How Good is Your Wikipedia? Auditing Data Quality for Low-resource and Multilingual NLP
Kushal Tatariya, Artur Kulmizev, Wessel Poelman, Esther Ploeger, Marcel Bollmann, Johannes Bjerva, Jiaming Luo, Heather Lent, Miryam de Lhoneux
TL;DR
This work interrogates Wikipedia as a data source for multilingual NLP, showing that non-English Wikipedias often contain noise such as foreign scripts and bot-generated content. It introduces a two-stage filtering pipeline—primary filtering (script-based language filtering and deduplication) followed by corpus-driven heuristic filters—and demonstrates that pruning bad data can preserve or improve downstream performance, especially for low-resource languages.

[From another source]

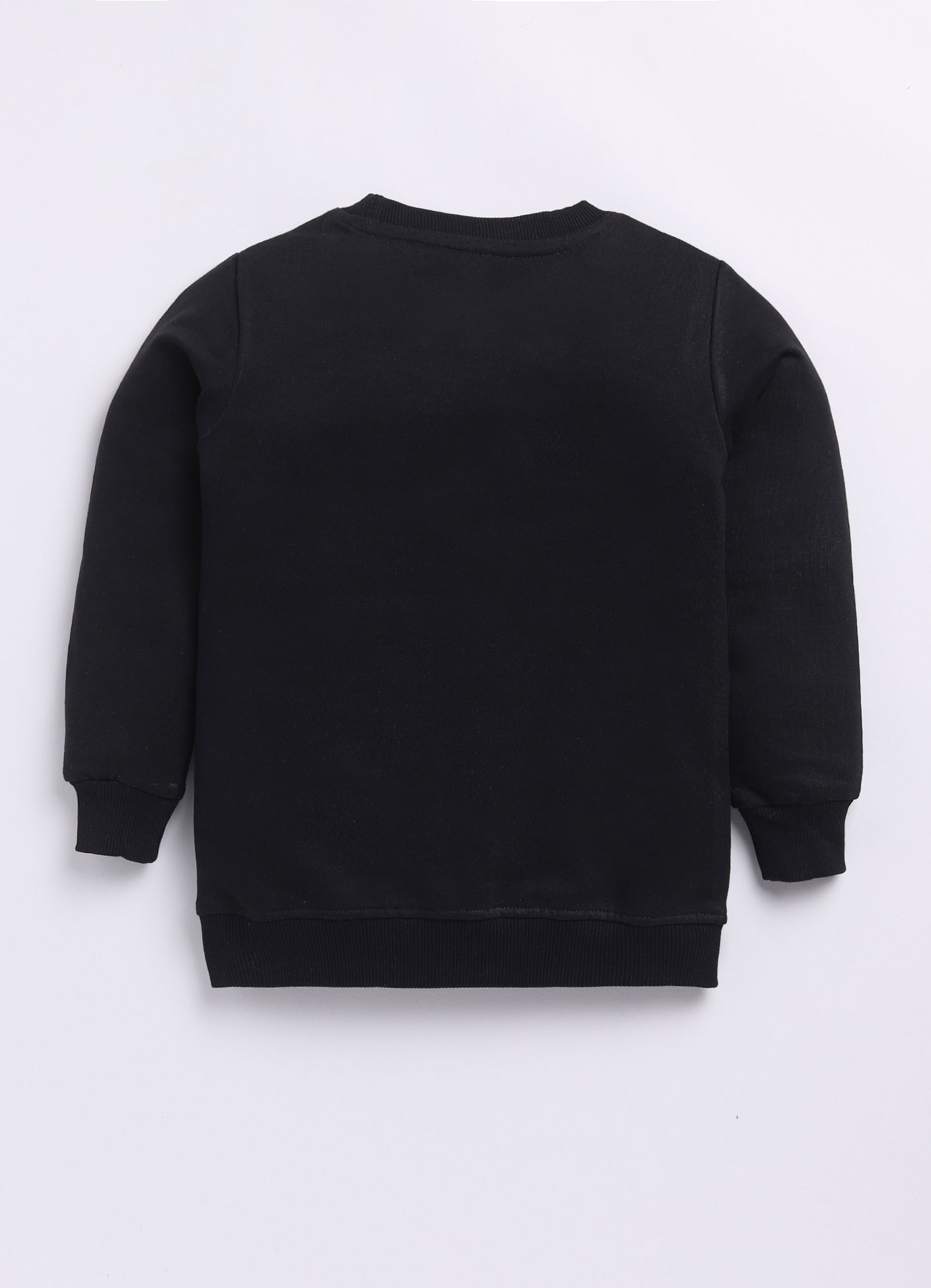 LIL KNOTS Printed Pure Cotton Girl Round Neck Sweatshirt Black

Through monolingual, language-adaptation, and multilingual pretraining experiments, the paper reveals that data quality effects are language- and task-specific, with gains most pronounced in resource-constrained settings. The findings advocate for language- and domain-specific data quality definitions and provide actionable guidelines and code to help practitioners use Wikipedia more efficiently for pretraining and evaluation in multilingual NLP.
Abstract
Wikipedia's perceived high quality and broad language coverage have established it as a fundamental resource in multilingual NLP. In the context of low-resource languages, however, these quality assumptions are increasingly being scrutinised. This paper critically examines the data quality of Wikipedia in a non-English setting by subjecting it to various quality filtering techniques, revealing widespread issues such as a high percentage of one-line articles and duplicate articles. We evaluate the downstream impact of quality filtering on Wikipedia and find that data quality pruning is an effective means for resource-efficient training without hurting performance, especially for low-resource languages. Moreover, we advocate for a shift in perspective from seeking a general definition of data quality towards a more language- and task-specific one. Ultimately, we aim for this study to serve as a guide to using Wikipedia for pretraining in a multilingual setting.